Maybe they can do a series on buying abandoned storage units and bitch about how hard it is to clean them out.
That is why Philip Mountbatten did what had to be done.
Imagine a Muslim half sibling to the King of England.
Philip was above all a man of tradition.
So why is WME repping Markle and Archewell...?
And still wondering if Harry is here on a visa that allows the Harkles to dodge US income taxes..
I could live on $150 million.
He is not a muslim. Sheeesh.
Your news is 26 years behind the times. Had you watched any of the recent coronation, you would have heard Charles taking the oath to uphold the Christian religion. Several times. In Westminster and in the cathedral. He and horseface had their marriage blessed in an Anglican church.

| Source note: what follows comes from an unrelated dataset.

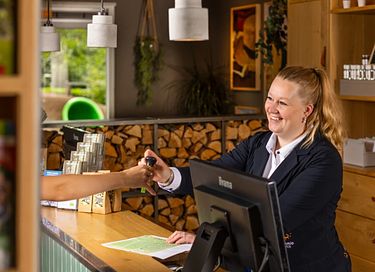 Logement de vacances pour 6 personnes dans les bois - 11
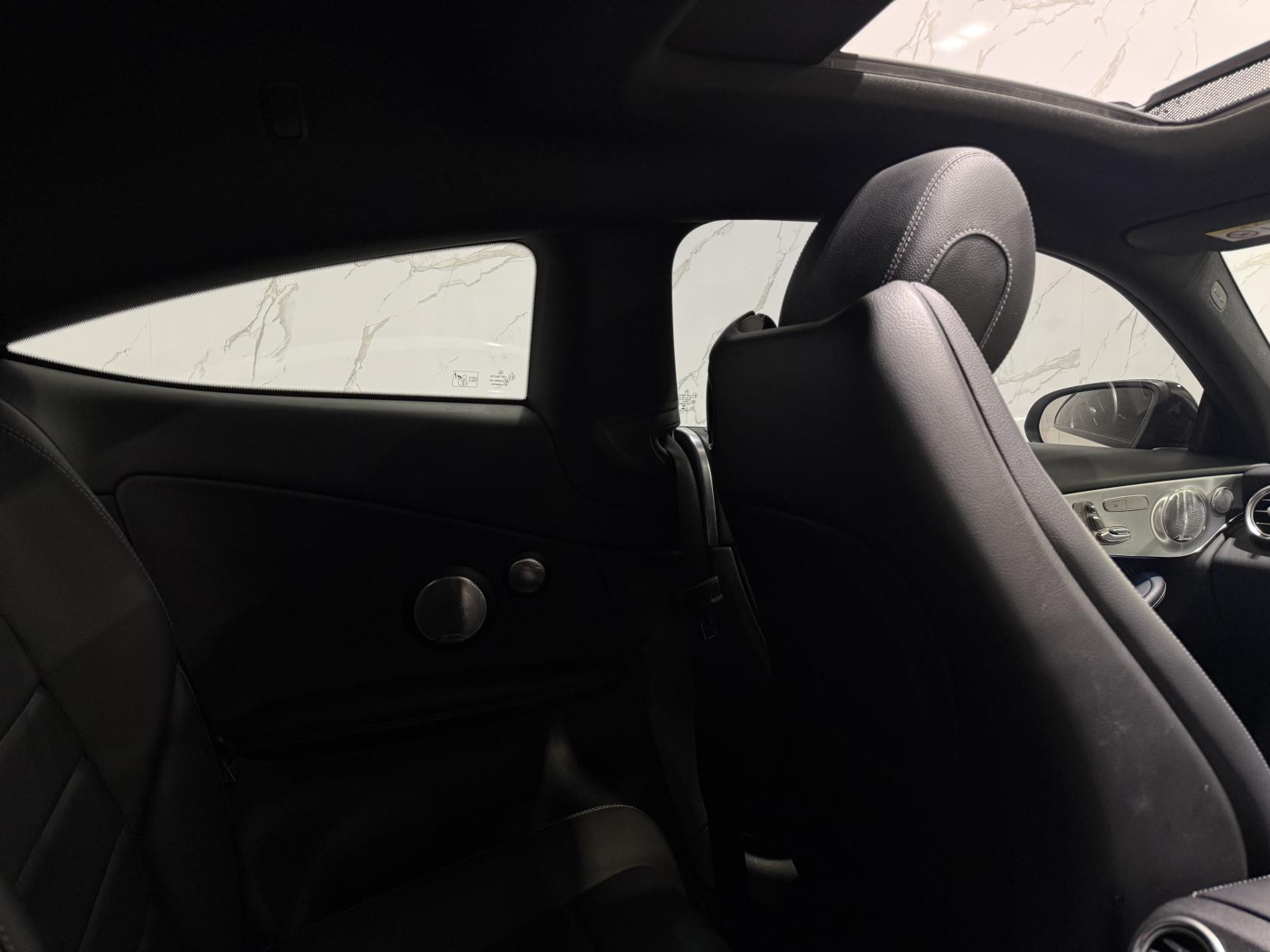 Mercedes-Benz C Class 2.1 C250d AMG Line (Premium Plus) Coupe 2dr Diesel G-Tronic+ Euro 6 (s/s) (204 ps)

He has spoken out multiple times about persecuted Christians in the Middle East. He has made a pilgrimage to the shrine dedicated to Philip's mother, who became a nun after Philip's father abandoned her.
The job of the Royals is to be diplomats to all communities in their 42-member Commonwealth and also within the UK. This often involves polite photo-ops with all minority groups. You will see them photographed with Sikhs, Hindus, Jews, blacks, LGBTs, and muslims. That doesn't mean they are becoming one.
It is definitely satire.
Note the photo credit for 4th of July pics.
They’re from the Harkles’ pet paps.
Harry used his daughter for a photo op.
They aren’t Muslim. They are not Christians, either. And the royal family, which I do NOT admire, still behaves better than she has imagined behaving.